Inflation fears dragged down financial stocks Thursday, with the American Banker index retreating to a 16-month low.

"It's getting ugly out there. Some of these banks haven't seen these levels in quite some time," said Jacqueline Reeves, an analyst at Putnam, Lovell, de Guardiola & Thornton Inc., as the American Banker index of the top 225 U.S. banks fell 2.3%, to 539.3, its lowest point since March 1997.

A report by the U.S. Commerce Department on durable goods orders, which showed continued strength in the economy, was blamed for the tailspin. The report did little to dispel any hope that the Federal Reserve would temper its anti-inflation rhetoric and consequent plans to raise interest rates. (See story below.)

The news was another blow to investors, who are increasingly worried that rising interest rates will shave corporate profits as the economy slows.

In testimony this week, Fed Chairman Alan Greenspan told the Senate Banking Committee that the four hikes in the federal funds rate - the overnight bank lending rate - since last June have not been sufficient to quash the threat of inflation.

With the persistent threat of higher rates, many investors are dumping bank stocks, and Wall Street analysts are not exactly touting the sector.

Raphael Soifer, an analyst at Brown Brothers Harriman & Co. in New York, has neutral ratings for all but a few of the money-center banks he covers. He has "long-term buy" ratings on Mellon Financial Corp., Wells Fargo & Co., Bank of New York Co., and SunTrust Banks Inc. All are companies he characterized as "conservative," with a higher percentage of fee-based revenues than the average banking company.

But these positive recommendations are for institutional investors "who cannot afford to have zero weightings in financial stocks," Mr. Soifer said.

For most investors, Mr. Soifer added, "an interest rate-driven bear market is not a favorable scenario for bank and financial stocks."
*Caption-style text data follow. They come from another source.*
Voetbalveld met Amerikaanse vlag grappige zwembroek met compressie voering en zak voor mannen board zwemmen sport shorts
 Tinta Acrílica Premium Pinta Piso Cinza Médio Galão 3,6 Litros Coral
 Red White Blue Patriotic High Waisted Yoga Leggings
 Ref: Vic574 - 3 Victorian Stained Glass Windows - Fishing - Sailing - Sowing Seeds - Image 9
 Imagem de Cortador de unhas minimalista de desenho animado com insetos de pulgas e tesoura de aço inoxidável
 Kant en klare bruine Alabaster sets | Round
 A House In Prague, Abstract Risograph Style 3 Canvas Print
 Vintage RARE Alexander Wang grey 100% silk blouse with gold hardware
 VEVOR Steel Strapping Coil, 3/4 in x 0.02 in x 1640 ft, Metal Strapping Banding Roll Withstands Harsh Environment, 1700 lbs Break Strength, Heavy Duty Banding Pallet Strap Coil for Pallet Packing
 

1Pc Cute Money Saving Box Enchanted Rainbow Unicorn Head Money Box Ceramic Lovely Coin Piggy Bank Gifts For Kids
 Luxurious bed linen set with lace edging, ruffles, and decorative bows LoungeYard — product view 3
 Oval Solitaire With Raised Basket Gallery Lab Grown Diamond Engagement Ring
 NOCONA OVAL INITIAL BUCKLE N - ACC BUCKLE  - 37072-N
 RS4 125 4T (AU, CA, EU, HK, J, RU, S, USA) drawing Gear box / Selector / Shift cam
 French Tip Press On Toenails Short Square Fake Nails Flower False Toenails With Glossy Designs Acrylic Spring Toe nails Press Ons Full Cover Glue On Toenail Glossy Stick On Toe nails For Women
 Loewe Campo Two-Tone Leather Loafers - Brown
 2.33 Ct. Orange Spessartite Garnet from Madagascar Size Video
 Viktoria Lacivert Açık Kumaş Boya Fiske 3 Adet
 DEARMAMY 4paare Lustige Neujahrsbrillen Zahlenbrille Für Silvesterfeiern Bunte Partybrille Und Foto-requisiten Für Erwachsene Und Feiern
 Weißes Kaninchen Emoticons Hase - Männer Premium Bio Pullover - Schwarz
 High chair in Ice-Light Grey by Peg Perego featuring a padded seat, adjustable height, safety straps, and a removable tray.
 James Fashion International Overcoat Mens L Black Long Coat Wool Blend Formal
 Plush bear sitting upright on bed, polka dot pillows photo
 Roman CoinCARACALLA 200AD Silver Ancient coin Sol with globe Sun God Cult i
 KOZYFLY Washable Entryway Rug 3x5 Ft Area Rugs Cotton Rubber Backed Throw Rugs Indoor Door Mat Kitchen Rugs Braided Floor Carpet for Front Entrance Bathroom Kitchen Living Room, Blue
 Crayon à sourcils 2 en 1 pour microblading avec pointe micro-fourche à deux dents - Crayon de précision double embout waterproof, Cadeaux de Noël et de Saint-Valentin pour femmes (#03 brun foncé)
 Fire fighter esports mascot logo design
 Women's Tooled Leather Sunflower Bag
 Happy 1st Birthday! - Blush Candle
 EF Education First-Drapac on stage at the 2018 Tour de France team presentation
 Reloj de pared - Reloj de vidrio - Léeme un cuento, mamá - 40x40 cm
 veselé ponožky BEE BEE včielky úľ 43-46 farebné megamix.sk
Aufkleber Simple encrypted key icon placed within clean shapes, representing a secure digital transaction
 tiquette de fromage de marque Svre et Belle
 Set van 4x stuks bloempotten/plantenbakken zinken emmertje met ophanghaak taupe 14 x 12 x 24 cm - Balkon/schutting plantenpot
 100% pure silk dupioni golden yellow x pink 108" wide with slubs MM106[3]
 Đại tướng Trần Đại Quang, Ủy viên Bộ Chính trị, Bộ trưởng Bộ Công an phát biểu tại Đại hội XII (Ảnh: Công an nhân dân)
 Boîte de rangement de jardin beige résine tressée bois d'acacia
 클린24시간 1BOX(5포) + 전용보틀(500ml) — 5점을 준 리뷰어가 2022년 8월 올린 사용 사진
The plummeting valuations have left some analysts incredulous. Though the stocks' deterioration is reminiscent of the last phase of the interest rate hikes in 1994 and 1995, banks these days are much better positioned to take advantage of consumer information after spending so much on technology in recent years, Ms. Reeves said.

"Technology is playing a bigger role in terms of improving productivity and the knowledge of the customer base," she said.

Also, if seller expectations dropped a bit, a new wave of consolidation as a result of the repeal of Glass-Steagall restrictions could help stock values, Ms. Reeves said.

"We have a tremendous number of banks, and consolidation should continue," she said. "Financial modernization allows banks to move into more complementary lines of business they couldn't before."